We got to the edge of the ocean, but a lake prevented us from reaching it. I stand corrected: prevented me! Some of us (you know who you are) are truly unstoppable, the very presence of a daunting obstacle inviting decisive action. I was good though, having come far enough for my abilities and aspirations. We turned around and true to universal law seemed to hasten on the way back, arriving at the trailhead in no time. Returning – past eagles, so many we lost count, and streams salmon filled meandering in a life-sustaining system – we could not avoid the other side. With the sun dropping behind the trail we had just left, multiple shacks emerged. Poor, poor housing conditions, brutal poverty and alienation. Rock excavations too – massive environmental scarring.
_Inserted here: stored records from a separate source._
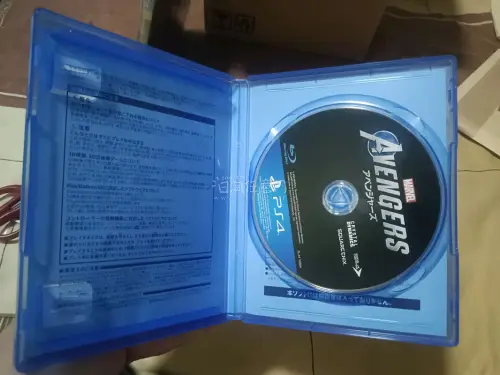 整体橙色还不错  卖家送了一个钥匙扣  PS4版本存货量很多  所以这时候买二手的话非常实惠  物美价廉  海淘的作用嘛 就是把限制无用的东西  给到更需要他的的新主人手里  非常好
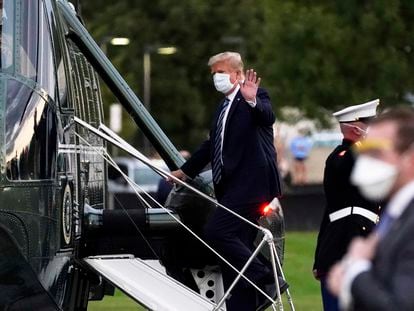Trump deixa o hospital em Maryland.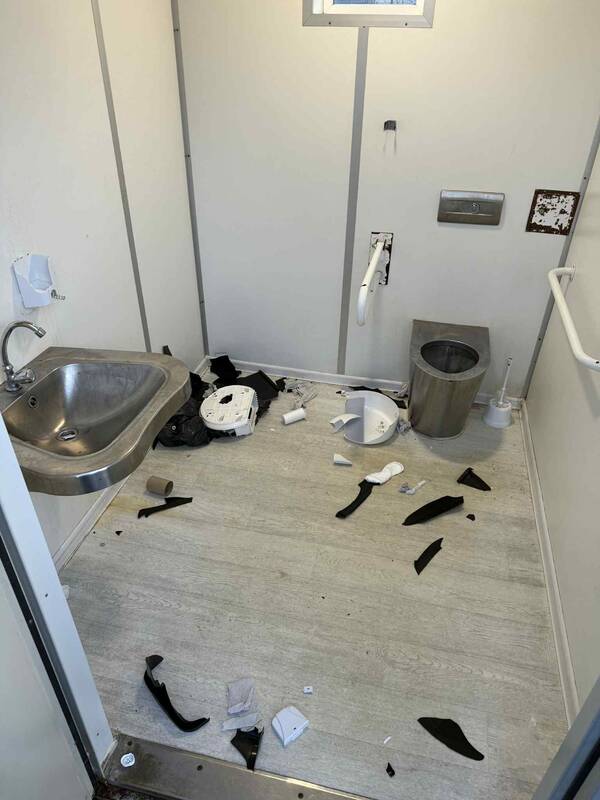 Nuniokojo: ketvirtadienio naktį taip pat buvo smarkiai nusiaubtas Vėtros gatvėje esantis viešasis tualetas.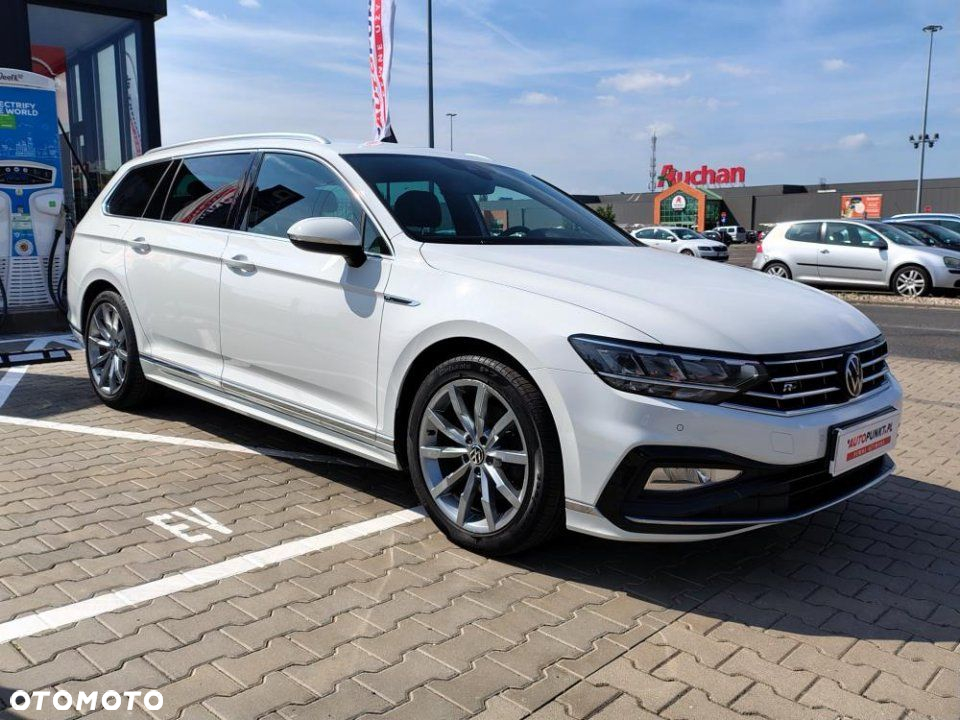 Volkswagen Passat - 4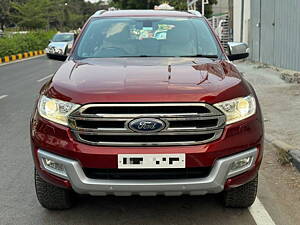 Second Hand Ford Endeavour Titanium 3.2 4x4 AT in Hyderabad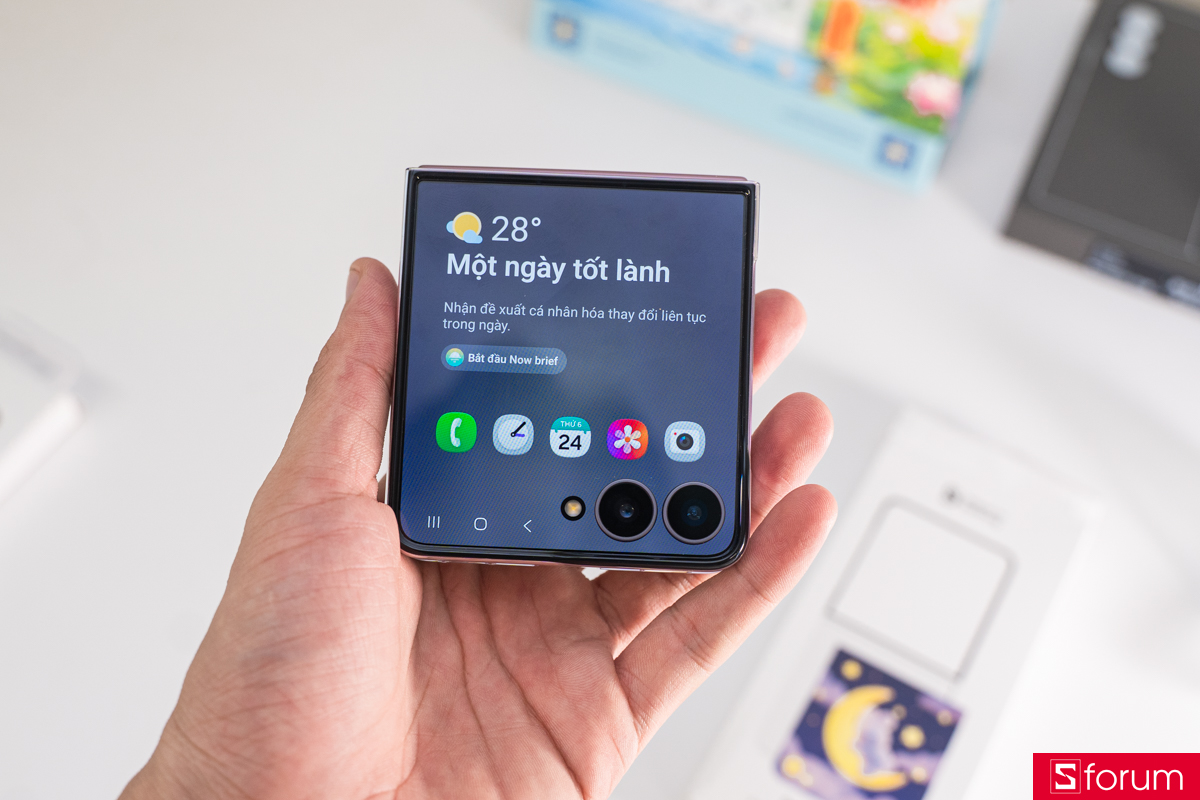 Trên tay ốp lưng Z Fold8 và Z Flip8 chính hãng: Ốp Flipsuite giúp mang lại cảm giác cầm nắm thoải mái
And the ever present empty beer bottles and cans and trash. Sunset’s light and darkness dancing on water, stumbling on land.
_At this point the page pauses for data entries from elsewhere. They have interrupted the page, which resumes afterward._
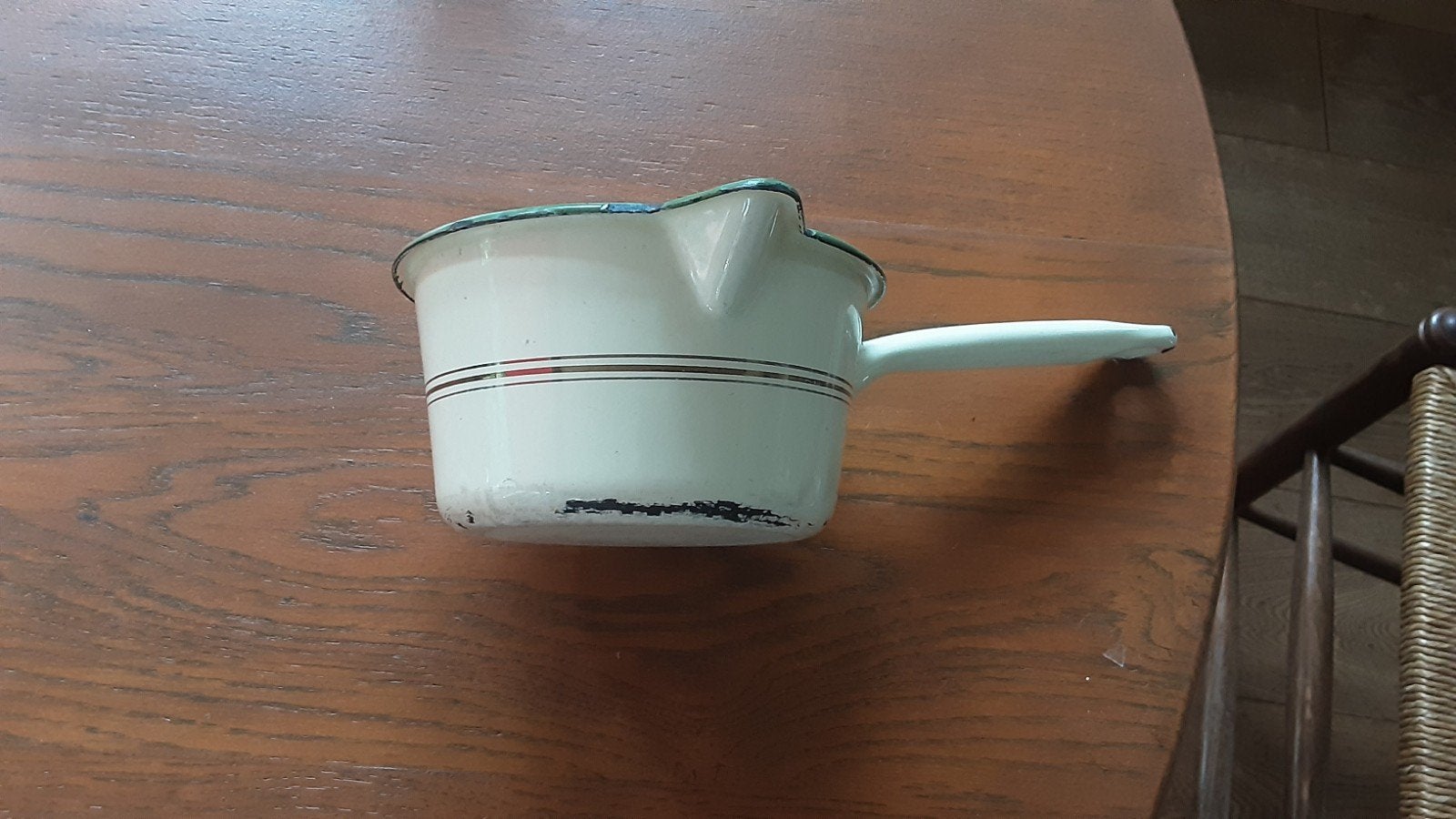 Vintage geëmailleerd steelpannetje - wit met groene rand, Antiek en Kunst, Ophalen of Verzenden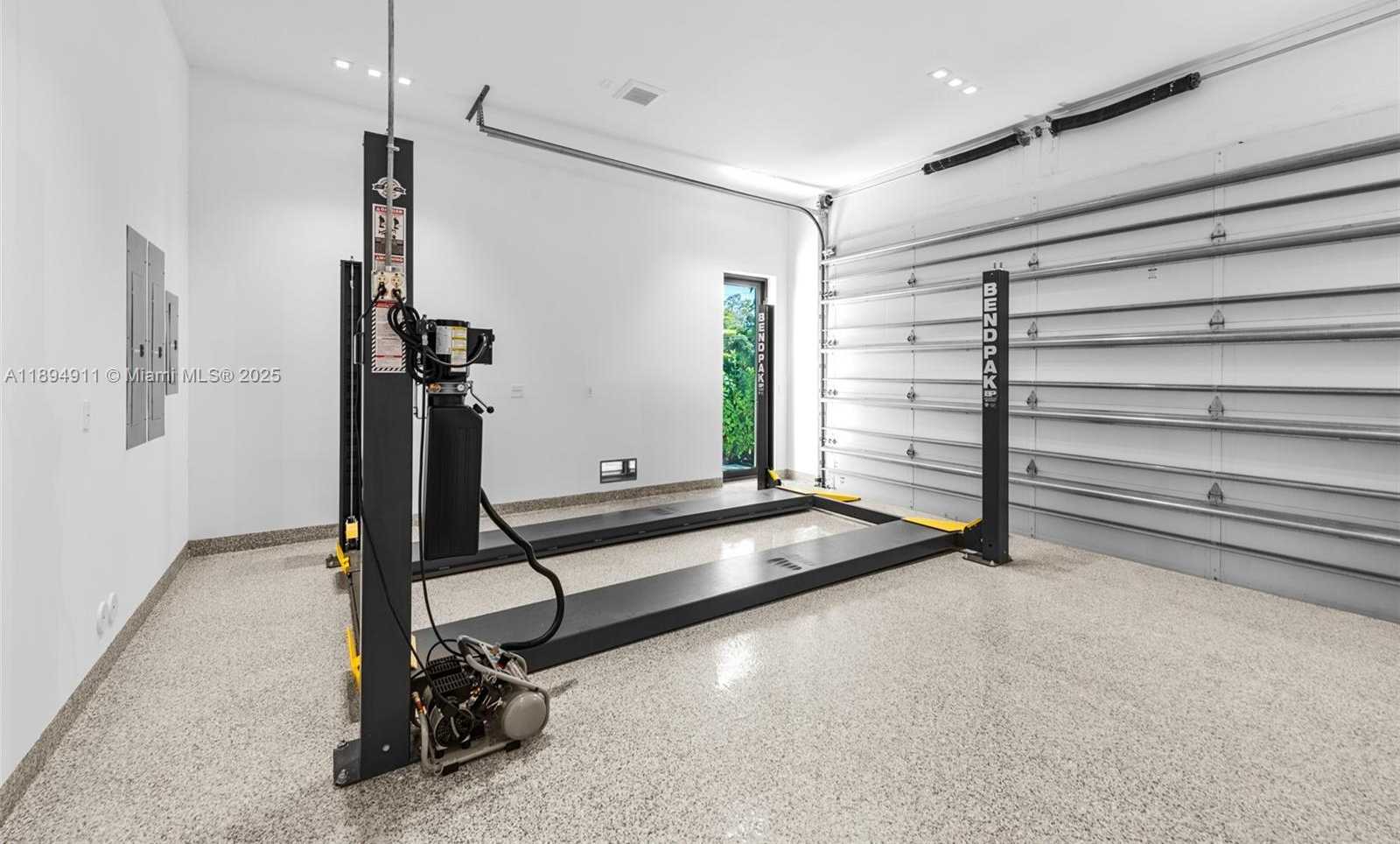 Small Image of 478 TAMARIND DR, Hallandale Beach Number 26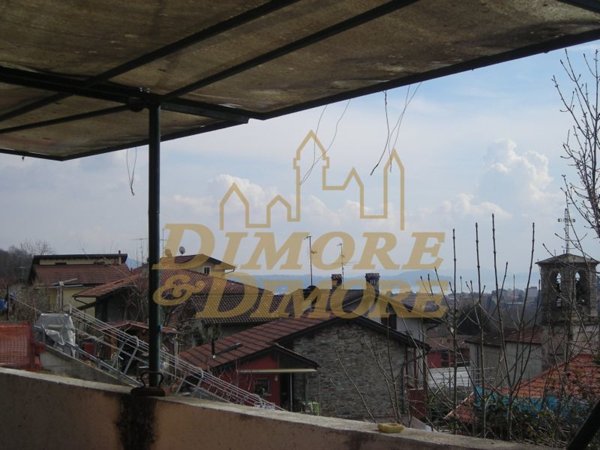 casa indipendente in vendita a Verbania in zona Possaccio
We came back to the hotel and headed out towards the Norwegian Rat Salon – Dutch Harbor’s premier happy hour establishment. There, the sheer dimension of our uniqueness, partially exposed at Amelia’s, became even more striking. I lack talents and English to describe how. So, let ‘s simply step outside, to the beachfront, where the music of the bay will do the talking.
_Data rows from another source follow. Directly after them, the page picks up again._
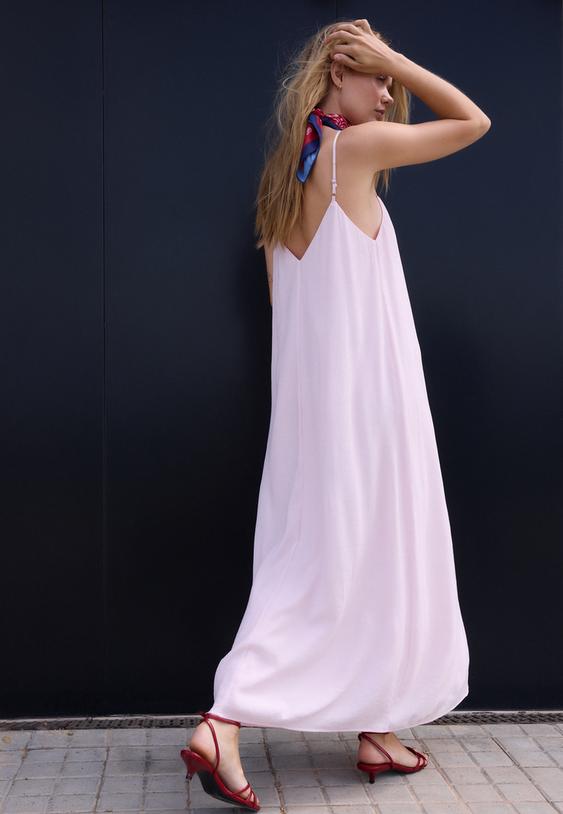 vestido midi textura tirantes
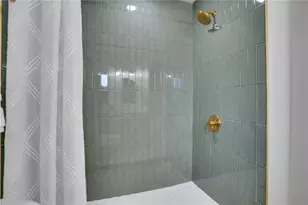 11071 Navajo Dr, Saint Petersburg, FL 33708 - Photo 18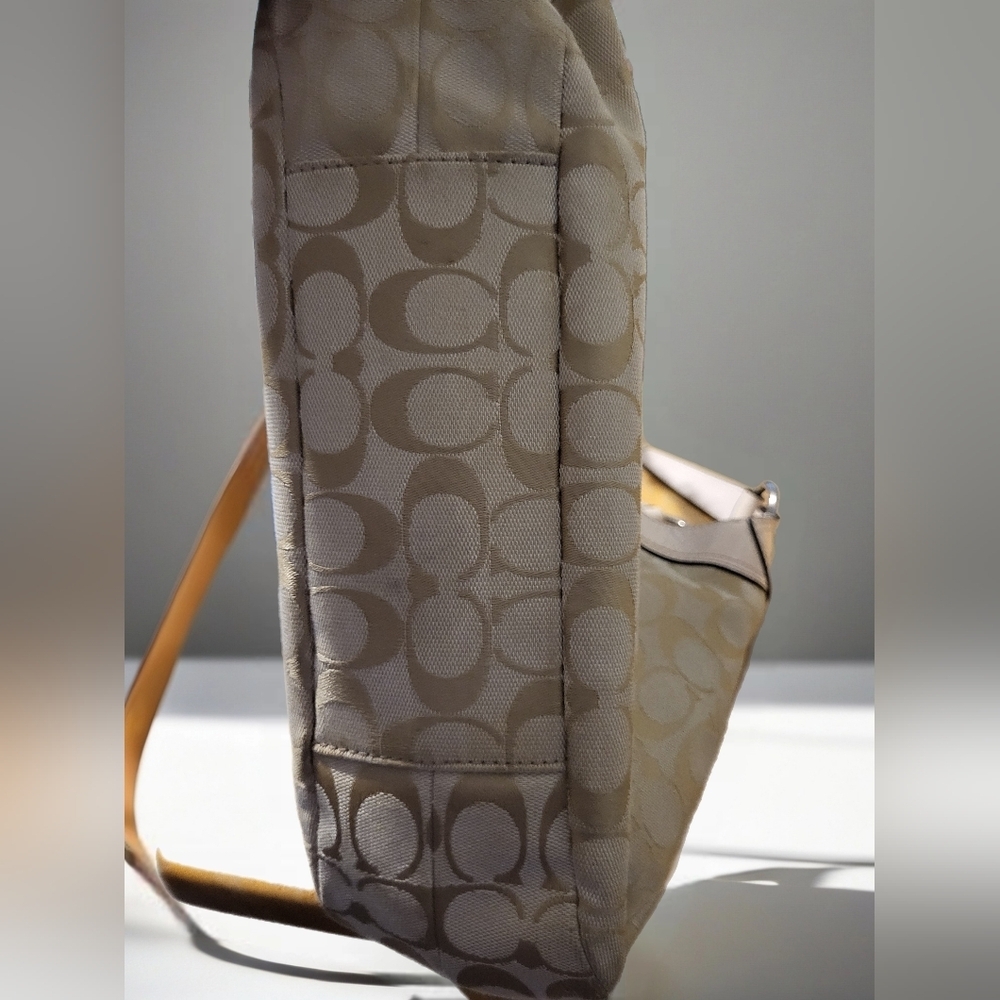 Coach Cream/Tan Lynn SoHo - Picture 5 of 11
That bay, the same one I walked with my friend in the morning, turned gold and pink and purple – a perfect virtuoso of colors changing with every moment. A few porpoises and otters swam by, wishing us good night. We sat. Tired of the day. It could have been the Peace of Mind effect, or else the fellowship of eagles or the companionship of the way. But I believe it was salt from the ocean. The same salt that regulated my life growing up in Rio – the salt of summer vacationing, of ocean swimming, and sunset watching, the salt of love, beauty, rest, friendship and awe. Salt awaken visceral togetherness – “one grand great life throb[ing] through earth’s giant heart.”
Just like back then, at the edge of adulthood, when there was Risk, this pulsating closeness was bestowed on me, sitting with friends, complete. Glowing mystery salt enkindled. Even as the scars are visible and the earth scorched. We sat. Grounded. Making room, here and there as may be necessary, for the pain that is a sure part of the picture: timeless darkness enveloping a world confident of yet another sunrise. And hikes.